El relato comienza de manera prometedora, oscura, casi como un capítulo de La dimensión desconocida: un hombre que tiene un “depósito de objetos perdidos” recibe una valija encontrada en el fondo de un río, y dentro de ella, el cráneo de un bebé junto a ropa y otras pertenencias.
Segundos antes, el film se había ocupado de mostrar el celo de Mario, el protagonista (Álvaro Morte, el profesor de La casa de papel), por encontrar a cada uno de los propietarios de los elementos que llegan a sus manos, como una manera de conocer y darle conclusión a cada una de las historias que los habitan. Habrá en esa obsesión un hecho del pasado que lo motiva, que se irá revelando conforme avanza la trama.
O no.

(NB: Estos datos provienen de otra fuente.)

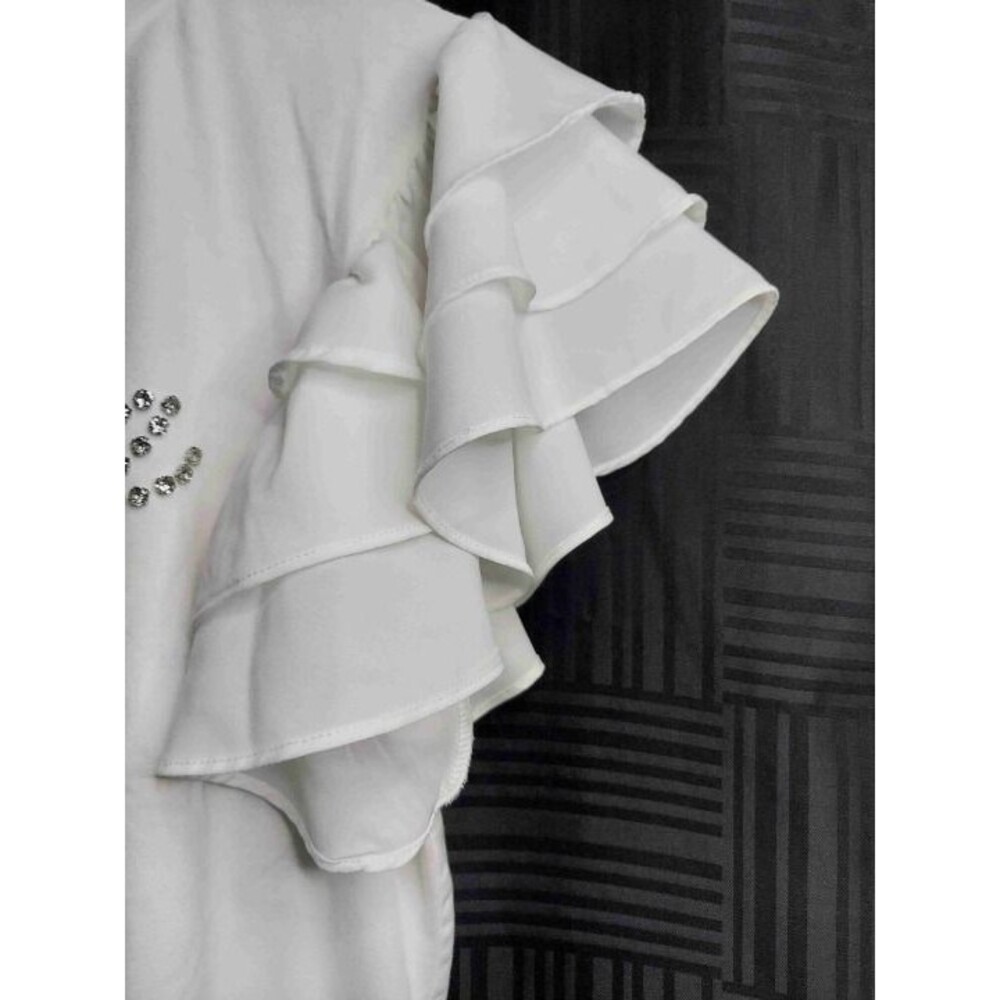 Ontwelfth White Ruffled Sleeves Rhinestone Embellishment T-Shirt Large - Picture 4 of 8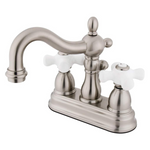 Kingston Brass Centerset Lavatory Faucet with Porcelain Cross Handles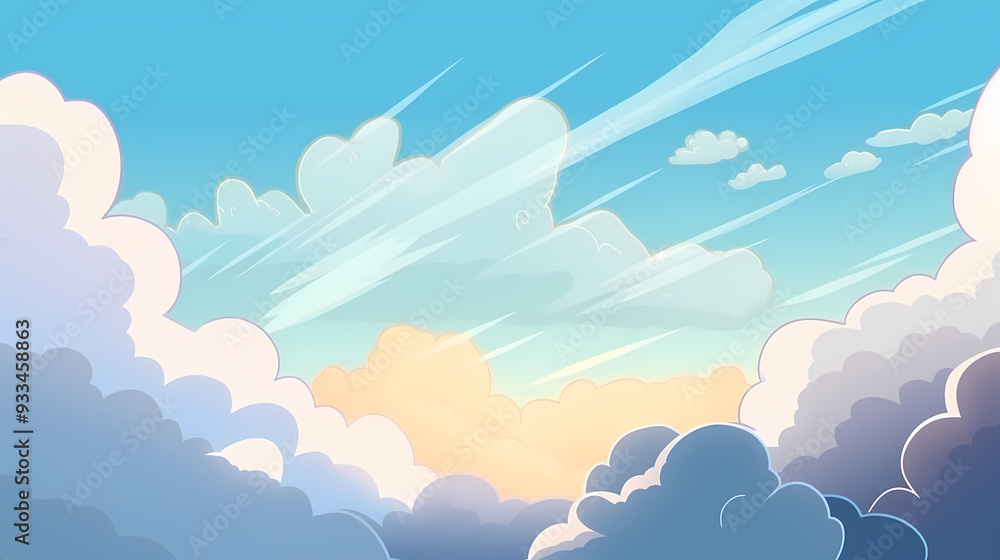 Fototapeta premium Vector evening sky clouds. Anime style background with shining sun and white fluffy clouds. Sunny day sky scene cartoon vector illustration.
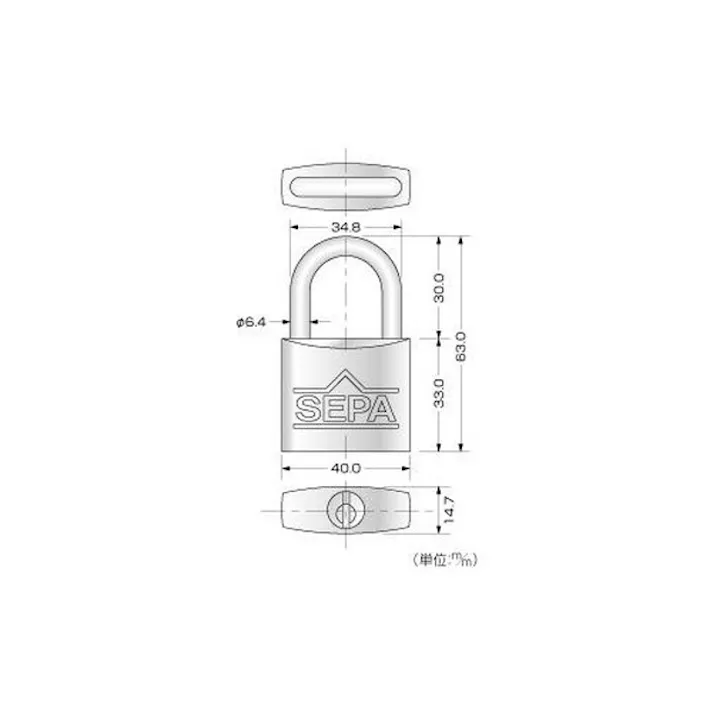 ハイロジック G-265 ディンプル南京錠40mm同一鍵3本キー 2個入(CDC)【別送品】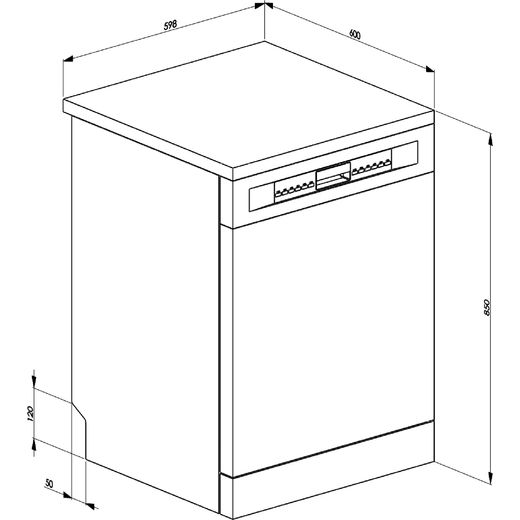 Smeg DF344BW dishwasher Freestanding 13 place settings B_6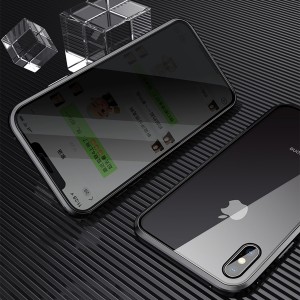iPhone X & iPhone XS 5.8 inch  Case,Anti-Peeping Clear Double Sided Tempered Glass[Built-in Privacy Screen Protector][Magnet Absorption Metal Frame] Anti-spy Case, For IPhone X/IPhone XS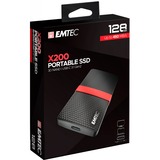Emtec X200 Portable SSD 128 GB, Externe SSD schwarz/rot, USB-C 3.2 Gen 1 (5 Gbit/s)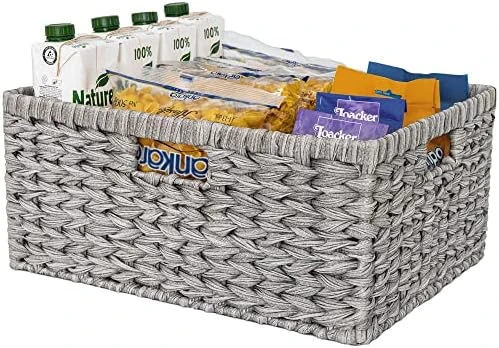 GRANNY SAYS Wicker Storage Baskets, Woven Baskets For Shelves, Waterproof Bathroom Baskets For Organizing, Wicker Baskets With Handles, Nature, 2-Pack 15 GRANNY SAYS Wicker Storage Baskets, Woven Baskets For Shelves, Waterproof Bathroom Baskets For Organizing, Wicker Baskets With Handles, Nature, 2-Pack - Image 13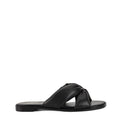 Women's BLACK leather flat slide for summer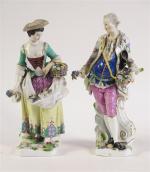3 - ALLEMAGNE : Paire de statuettes à décor polychrome...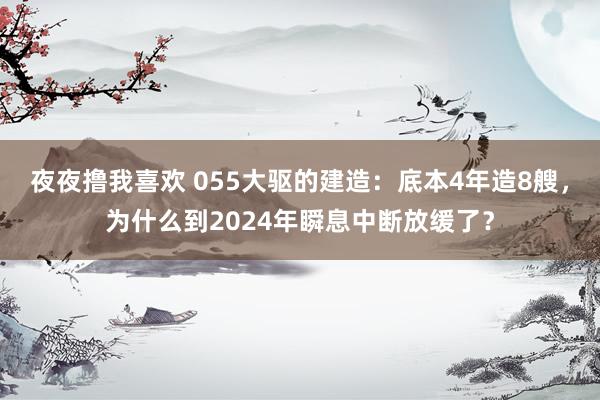 夜夜撸我喜欢 055大驱的建造：底本4年造8艘，为什么到2024年瞬息中断放缓了？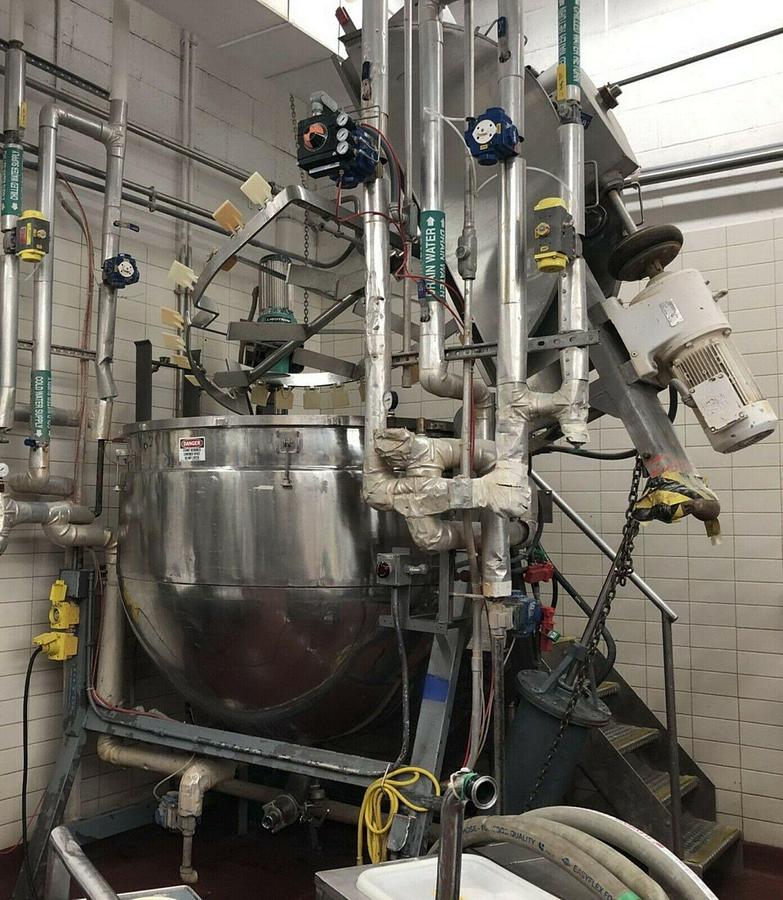 Used 500 Gallon Lee Stainless Double Motion Scraper Kettle, Tilt Out agitation
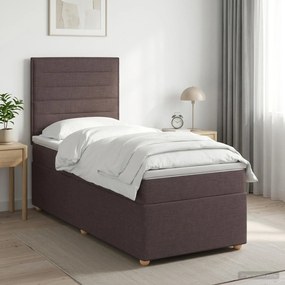 vidaXL Κρεβάτι box spring με στρώμα Σκούρο Καφέ 100 x 200 cm Ύφασμα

Porque si uno se detiene a pensar unos segundos podrá apartar de su mente el ropaje de policial negro que envuelve a una película como Objetos, y advertir el grueso sinsentido que brota de un guion más preocupado por el aspecto formal que por un contenido que lo sustente y lo lleve adelante.
El oscuro pasado de Mario, las motivaciones de la madre de la beba (Eugenia China Suárez, en un papel que no le representa un reto actoral), una subtrama relacionada al tráfico de recién nacidos que tiene a Jujuy como epicentro y a Daniel Aráoz como cabecilla, todo se sostiene con hilos tan delgados como inverosímiles. Tampoco ayuda la pereza en la construcción de vínculos entre los personajes, que habría favorecido un mínimo de empatía, entre ellos y con el espectador.
Los objetos no tienen alma si nadie se preocupa por darles un sentido de existir: algo parecido pasa con esta película.